→ AIM OF THE EXERCISE:
After locating the line that contains "Trio livros Jane Austen" in the data below, set down exactly that line and each one after it through the line that contains "used 2020 Mercedes-Benz", and nothing more.

→ RECORD SET:
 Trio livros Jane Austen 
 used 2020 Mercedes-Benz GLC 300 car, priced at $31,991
...
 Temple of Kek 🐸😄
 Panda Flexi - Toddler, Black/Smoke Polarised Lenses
==
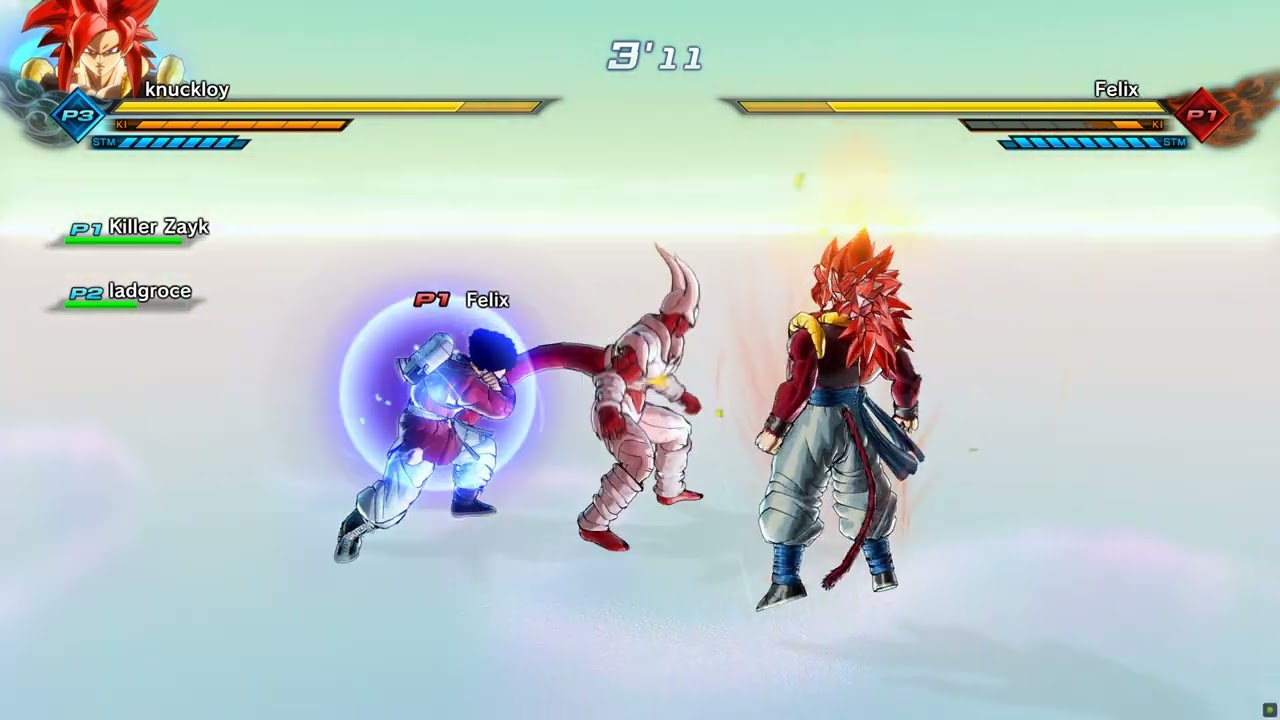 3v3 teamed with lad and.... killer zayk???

→ TASK SOLUTION:
 Trio livros Jane Austen 
 used 2020 Mercedes-Benz GLC 300 car, priced at $31,991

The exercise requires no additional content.